*GIVEN DATA*:
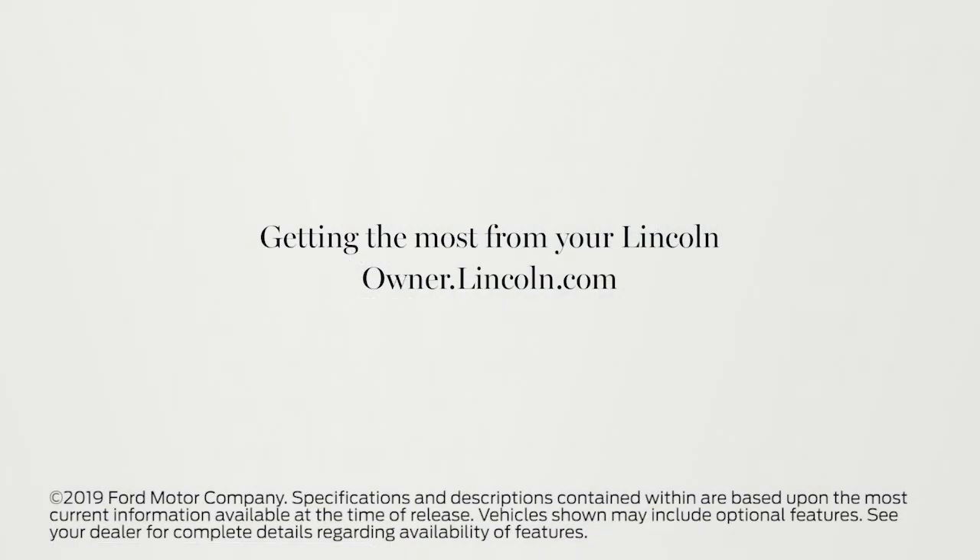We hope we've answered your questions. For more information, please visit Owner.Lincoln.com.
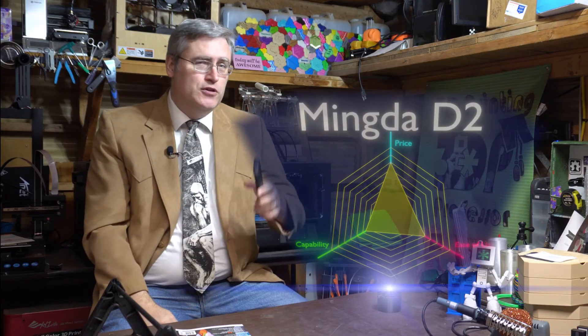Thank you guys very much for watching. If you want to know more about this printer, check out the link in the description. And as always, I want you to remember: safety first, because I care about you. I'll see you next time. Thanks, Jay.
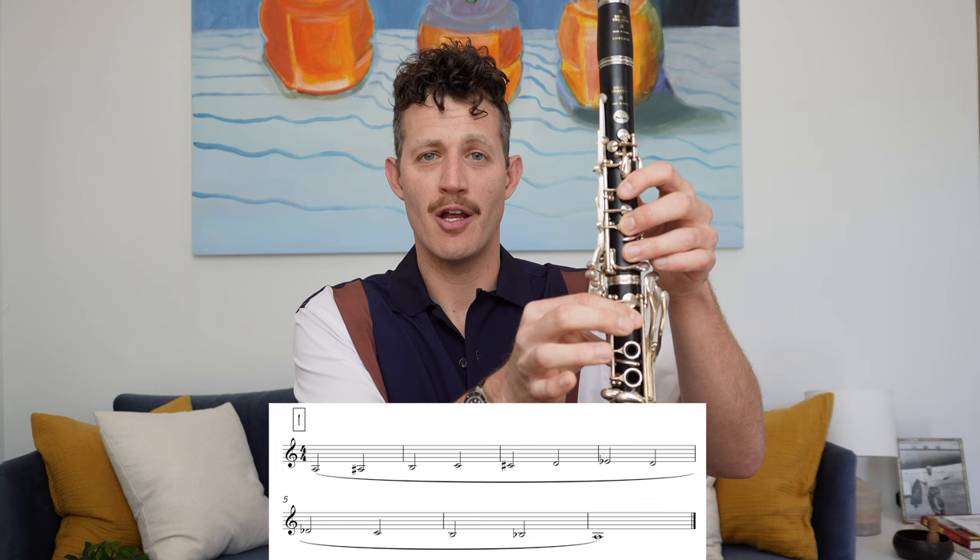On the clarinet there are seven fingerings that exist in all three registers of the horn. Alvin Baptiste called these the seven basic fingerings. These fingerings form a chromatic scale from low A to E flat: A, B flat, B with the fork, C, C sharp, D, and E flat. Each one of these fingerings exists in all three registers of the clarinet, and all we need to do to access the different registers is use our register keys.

*THE PROBLEM*:
Every line above must appear in the answer unchanged, and no picture may appear in it.

*RESULT FOR THIS TASK*:
We hope we've answered your questions. For more information, please visit Owner.Lincoln.com.
Thank you guys very much for watching. If you want to know more about this printer, check out the link in the description. And as always, I want you to remember: safety first, because I care about you. I'll see you next time. Thanks, Jay.
On the clarinet there are seven fingerings that exist in all three registers of the horn. Alvin Baptiste called these the seven basic fingerings. These fingerings form a chromatic scale from low A to E flat: A, B flat, B with the fork, C, C sharp, D, and E flat. Each one of these fingerings exists in all three registers of the clarinet, and all we need to do to access the different registers is use our register keys.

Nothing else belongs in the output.